第二次和它们相遇,是在大年三十的晚上。和亲朋好友团聚之后,父亲多喝了几杯。新年的钟声已然敲响,微醺的父亲却拉着我谈起了上个世纪80年代属于他们这代人的青春岁月。80年代绕不开文学,自然也绕不开父亲的剪报本。他打开那个落满灰尘的箱子,用力抖了抖本子,像是要抖掉这些年生活给予他的尘埃。那些充满激情与狂热的时光,从密密麻麻的字迹里苏醒了过来。父亲停止了诉说,但我却从他的沉默里看到了当年他在繁重的工作劳动之后,在沉寂的深夜,伏案读报的样子,双眼充满了对文字的渴望。也感受到了当年,他把自己写好的稿子投递进邮筒时,内心抑制不住的喜悦。
父亲剪下来的文章,都是当年他在翻阅了报纸和杂志之后,深深打动他的精品。有吉狄马加的诗歌、史铁生的散文、安石榴的小说,也有父亲最喜欢的作家阿来的访谈。剪报本里我最喜欢读的仍是史铁生发表在1991年1月《上海文学》上的《我与地坛》。这篇文章我在中学课本里读过多次。
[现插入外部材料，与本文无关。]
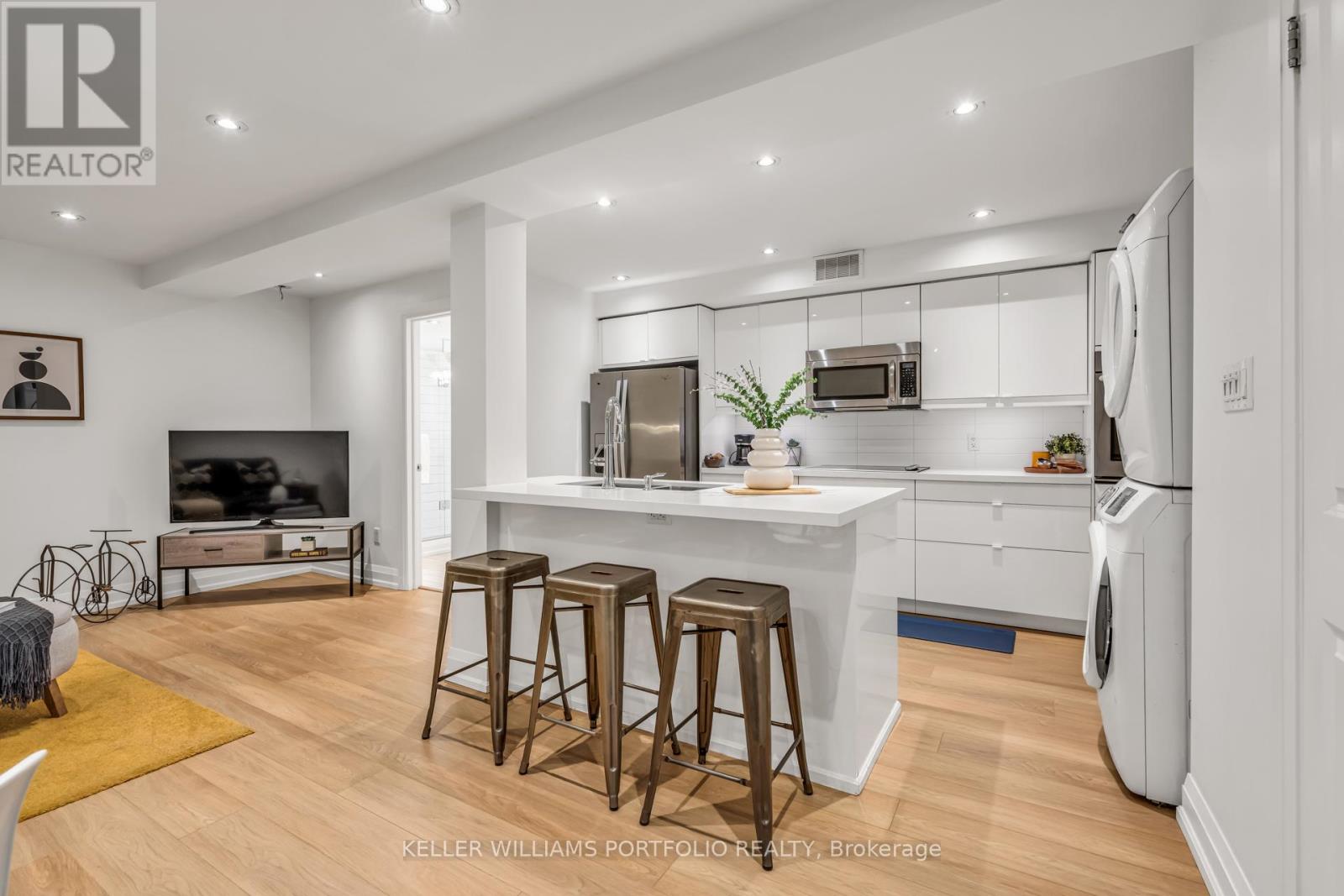 79 Gore Vale Avenue, Toronto, Ontario  M6J 2R5 - Photo 31 - C13223400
或许是出于阅读史料的癖好,自从拿到了《我与地坛》最初问世的面目,我便不愿放弃了。在我读大学的日子里,隔壁班的一名女同学在一次闲聊中,提到了她对读到《我与地坛》杂志版的热切渴望,我便赶忙把那本载有历史印记的剪报本送给了她。后来,她成了我的女朋友。那些剪报本在我和她的手中传递多次,我们一起寻找了多篇文学史上的原始印记,那些最初发表在杂志上的名篇,成为了我和她共同的青春烙印。
这些年,我总是把父亲的剪报本带在身边,失意时读它们,得意时读它们。父亲虽然已经搁笔,也没有成功地把自己一次次写下的文字变为铅字,但是那些年父亲在文字里抵抗过的黑夜,早已化为一缕温暖的烛光在我的生命枝头闪耀。